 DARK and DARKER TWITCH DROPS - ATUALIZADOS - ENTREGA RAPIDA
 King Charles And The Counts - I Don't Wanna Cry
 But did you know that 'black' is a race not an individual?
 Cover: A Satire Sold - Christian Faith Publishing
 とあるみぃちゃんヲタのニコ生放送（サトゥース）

======

WHAT TO PRODUCE
The answer must be every record above, repeated exactly as written.

ANSWER TO THIS EXERCISE
 DARK and DARKER TWITCH DROPS - ATUALIZADOS - ENTREGA RAPIDA
 King Charles And The Counts - I Don't Wanna Cry
 But did you know that 'black' is a race not an individual?
 Cover: A Satire Sold - Christian Faith Publishing
 とあるみぃちゃんヲタのニコ生放送（サトゥース）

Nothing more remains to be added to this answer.